Читаем Одинокое сердце поэта полностью

Прасоловский Париж — его родной Черноземный край: житейский, географический круг. После отъезда из Воронежа живет он в Россоши, работает в «Ленинской искре», и это — самый продолжительный срок его журналистской службы на одном месте — почти три года, с 1 сентября 1955 по 1 июня 1958. Далее его жизнь превращается в полуцыганское кочевание: он колесит по ближним и дальним районам области, перебирается из редакции в редакцию, нигде надолго не задерживаясь.
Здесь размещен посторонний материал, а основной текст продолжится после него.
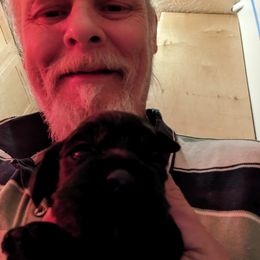Cocker Spaniel Puppies from Pups in the vine cockers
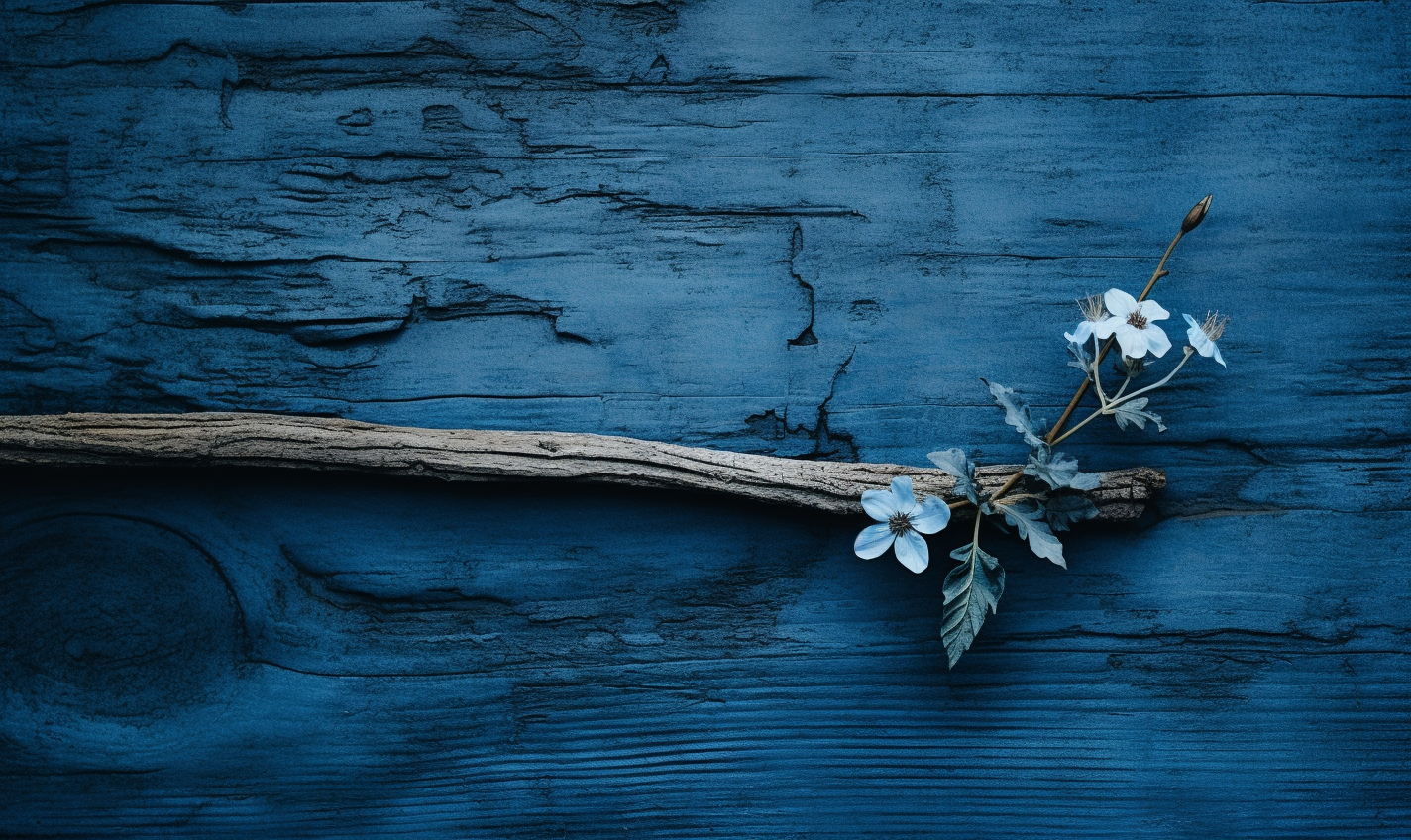 A captivating blue-tinted wood with a beautiful plant growing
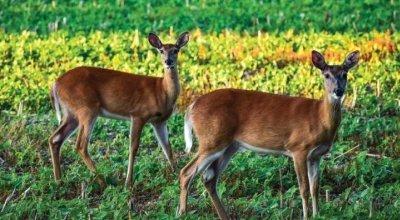 How to Plant a Fall Food Plot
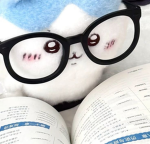 pawhlittl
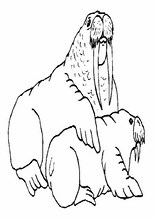 Djur162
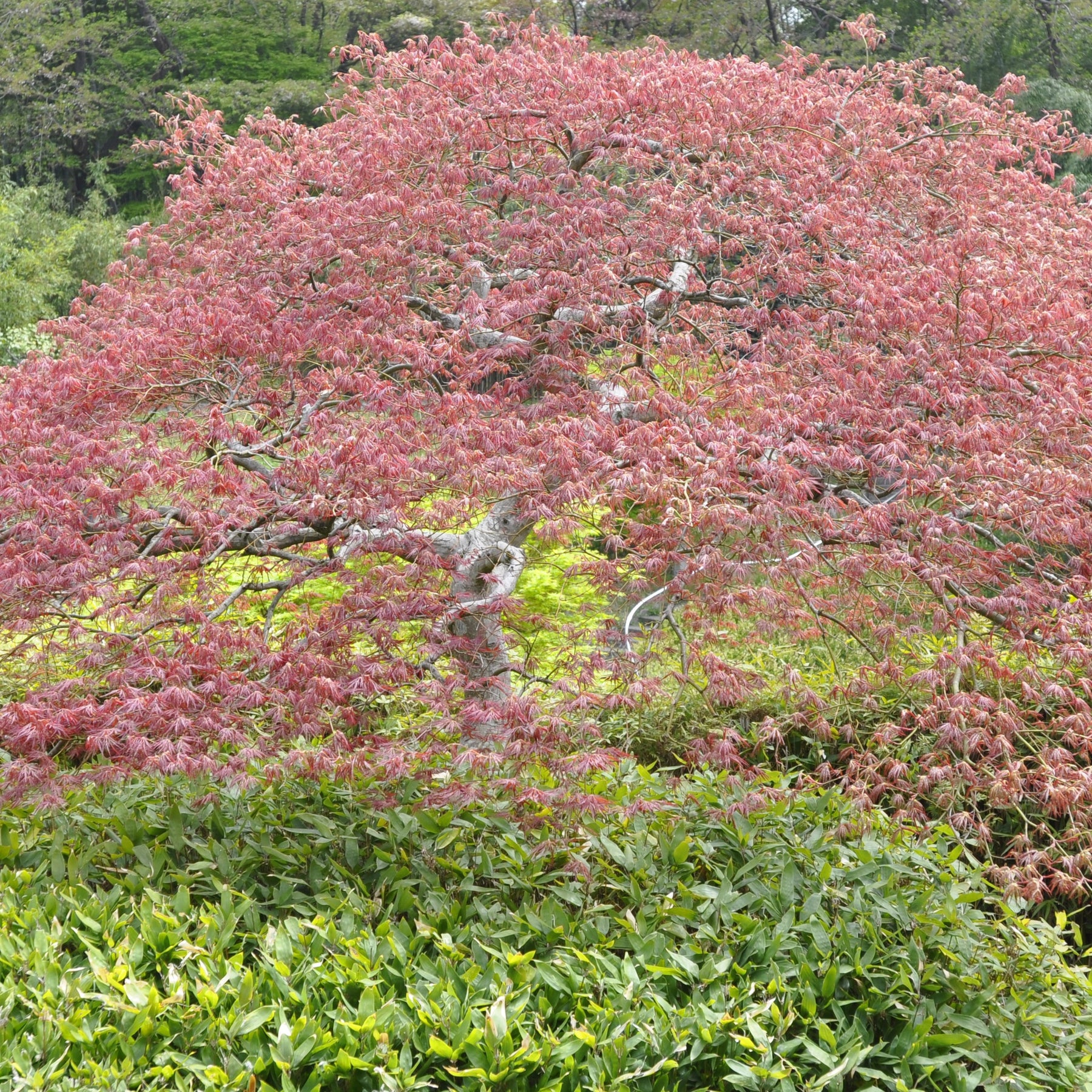 Erable Acer palmatum Crimson Queen 15L - Acer palmatum crimson queen - Plantes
Новая Калитва. Донская лука

С конца июля 1958 года Алексей Прасолов — сотрудник новокалитвянской районной газеты «Красное знамя», работает там до середины октября того же года. В связи с тогдашними административными то разукрупнениями, то укрупнениями Новой Калитве недолго оставалось иметь статус районного центра, а значит, и собственную газету, но Прасолов калитвянский отрезок своей газетной службы прошел прежде, чем «Красное знамя» свернулось.

Новая Калитва — донская слобода в прибрежной котловине и на меловых косогорах при впадении в Дон Черной Калитвы. Большое село в полусотне километров от Россоши — недавнее, чистое воспоминание. В началу пятидесятых, когда Прасолов учительствовал в селе Первомайском (прежде Дерезоватое), нередко бывал он в райцентре. Здесь и встретились ему тогда Алексей Багринцев и Николай Иващенко, поэтически одаренные, чуть постарше его. Трое подружились. В вечерние прилунные часы до полуночи бродили бедными послевоенными калитвянскими улицами, выходили на просторные луга, прозываемые в здешней округе «луками», видать, по величавой луке Дона, который у Новой Калитвы выворачивает с южного курса на восточный, юго-восточный.

Трое не могли не говорить о недавней войне: кровью, железом, черным огнем прошлась по их селам, по их душам. Верили, что у народа-страдальца не может не быть достойного, счастливого завтра.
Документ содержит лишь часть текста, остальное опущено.